DSCOVR began as a proposal in 1998 by then-Vice President Al Gore for the purpose of whole-Earth observation at the Sun-Earth Lagrange point, 1.5 e6km from Earth. Originally known as Triana, named after Rodrigo de Triana, the first of Columbus's crew to sight land in the Americas, the spacecraft's original purpose was to provide a near-continuous view of the entire Earth and make that live image available via the Internet. Gore hoped not only to advance science with these images, but also to raise awareness of the Earth itself, updating the influential Blue Marble photograph that was taken by Apollo 17. In addition to an imaging camera, a radiometer would take the first direct measurements of how much sunlight is reflected and emitted from the whole Earth (albedo). This data could constitute a barometer for the process of global warming. The scientific goals expanded to measure the amount of solar energy reaching Earth, cloud patterns, weather systems, monitor the health of Earth's vegetation, and track the amount of UV light reaching the surface through the ozone layer.

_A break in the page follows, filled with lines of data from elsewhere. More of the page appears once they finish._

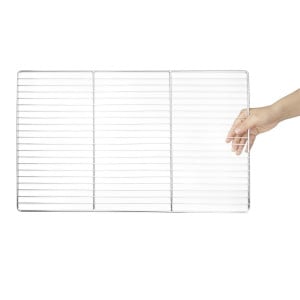 Ruostumattomasta teräksestä valmistettu uuniritilä - L 530 x S 330mm - Vogue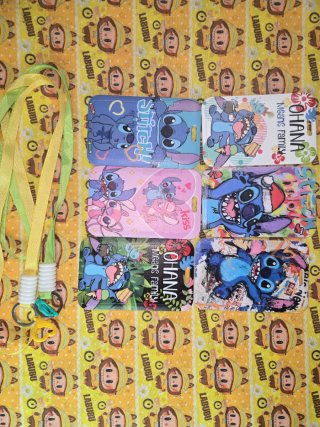Llaveros/Portatarjetas Stitch x6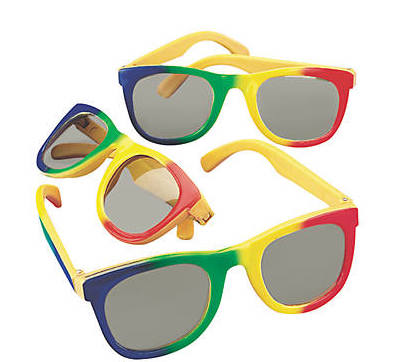Kids Rainbow Sunglasses 12 PACK  Party Favor Quality Ages 3-9 | 385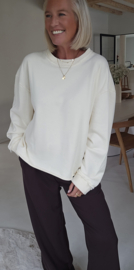 FAUVE oversized cotton sweatshirt ecru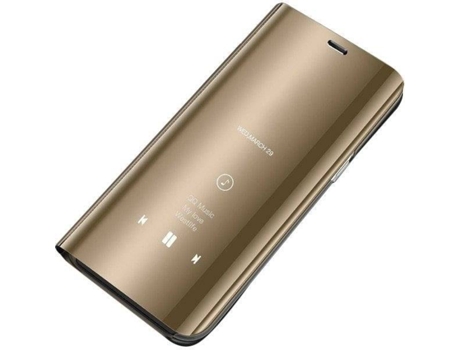 Carcasa Samsung Galaxy A20e LMOBILE Clear View Dorado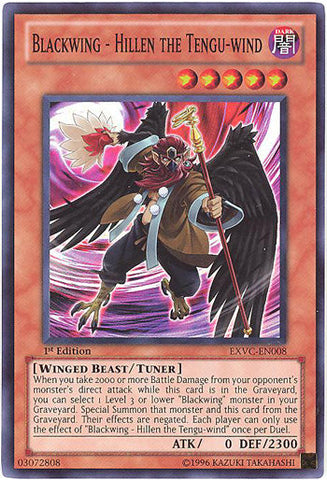 Blackwing - Hillen the Tengu-wind [EXVC-EN008] Super Rare Yu-Gi-Oh!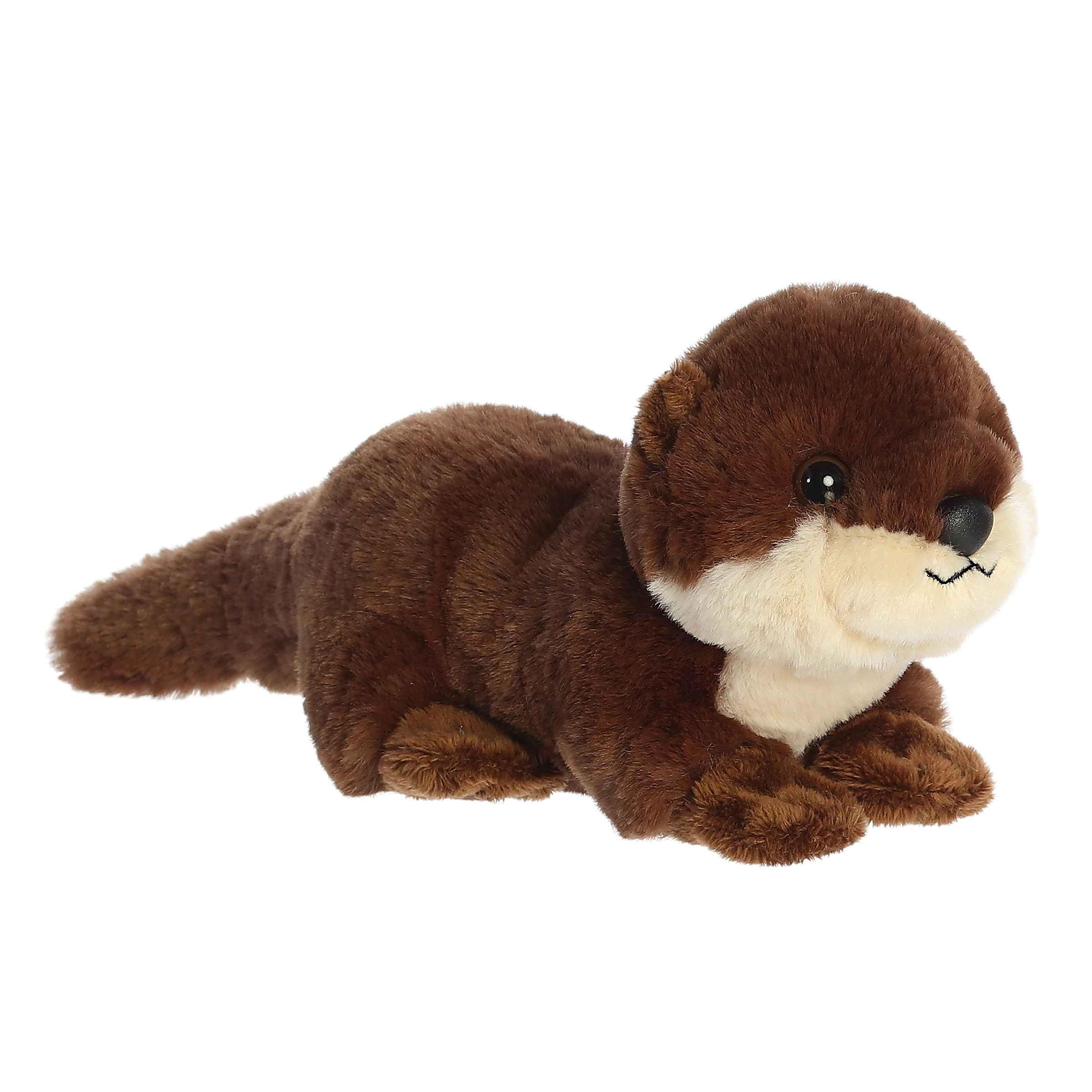 Animal De Peluche Aurora , Adorable Cachorro De Nutria De Río Mini Flopsie™ - Venta Internacional.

In 1999, NASA's Inspector General reported that "the basic concept of the Triana mission was not peer reviewed", and "Triana's added science may not represent the best expenditure of NASA's limited science funding". Members of the U.S. Congress asked the National Academy of Sciences whether the project was worthwhile. The resulting report, released March 2000, stated that the mission was "strong and scientifically vital".

The Bush administration put the project on hold shortly after George W. Bush's inauguration in January 2001. Triana was removed from its original launch opportunity on STS-107 (the ill-fated Columbia mission in 2003). The US$150 million spacecraft was placed into nitrogen blanketed storage at Goddard Space Flight Center in November 2001 and remained there for the duration of the Bush administration. NASA renamed the spacecraft Deep Space Climate Observatory (DSCOVR) in 2003 in an attempt to regain support for the project, but the mission was formally terminated by NASA in 2005.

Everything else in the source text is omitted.